3 Questions around Identity

Today has been another rich, full day in South Africa, and I absolutely must get to bed.  So, instead of a full post, I thought I would just pose five of the questions that I have been wrestling with most today, in light of what we have seen and done.

1.  We went to the District 6 Museum:  this is a museum commemorating the forced uprooting of the diverse, vibrant population in this particular areas of Cape Town, and then the demolishing that happened in order to make it a "White Group" area.  The question for me here is, How do you fix something like that?  Can you give people back the land, displacing others?  Can you pay people for having experienced something like that?  When a wrong is so egregious, how do you go forward?

2.  Then, we had a great conversation with Mary Burton, from the Truth and Reconciliation Committee, and the leader of Black Sash, an activist group made up of whites women, active in the eighties.  She had a very different take on forgiveness than Bishop Tutu does--she feels it was much rarer, and more incomplete, in a way, I think.  The picture is more sober through her eyes.  So, here, I was pushed to ask, Can there be a future without forgiveness--contra Tutu?  Maybe there needs to be--in too many cases, forgiveness just isn't possible....

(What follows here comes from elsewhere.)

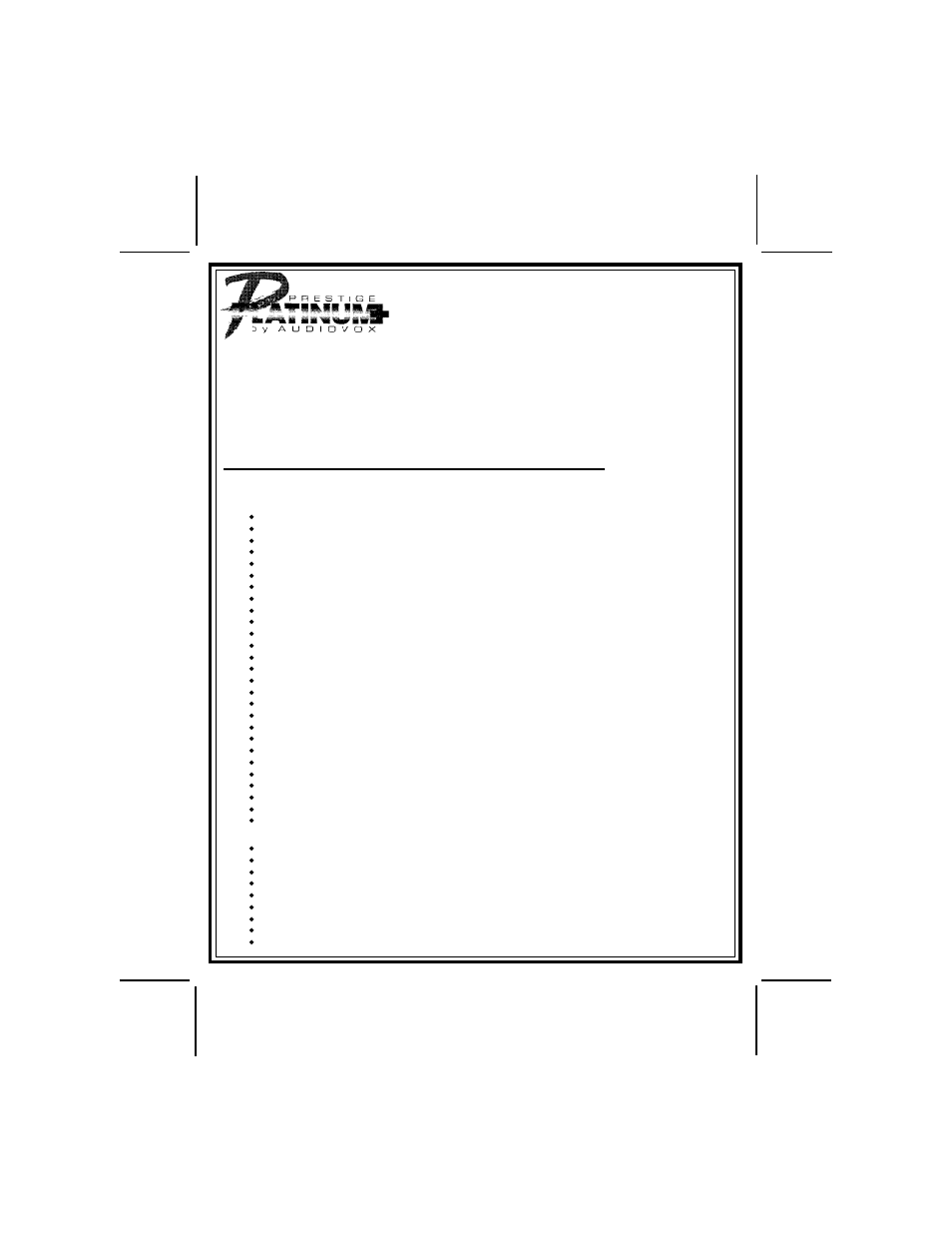 Audiovox Prestige Platinum 128-8537 User Manual | 12 pages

3.  Then we went out to Robben Island--that was really something to see.  Our guide was a former prisoner there himself--his name was Kgotso Ntosoelengoe.  It was amazing to hear from someone who actually had been there with Mandela and could talk in the first person about the routine and what life was like.  So here, I couldn't help but wonder, what would I do in a situation like that--forced to work in a lime quarry, ruining my eyes doing completely meaningless labor?  What kind of men were these, that it brought out the best in them, and not the worst?  It's quite amazing, when you think about it.

Lots of other thoughts as well, about identity, an individual's perspective coming out of his/her own experiences--how that is and isn't "true"--and issues of land, and home, and a sense of belonging.  All of those were so tested by apartheid.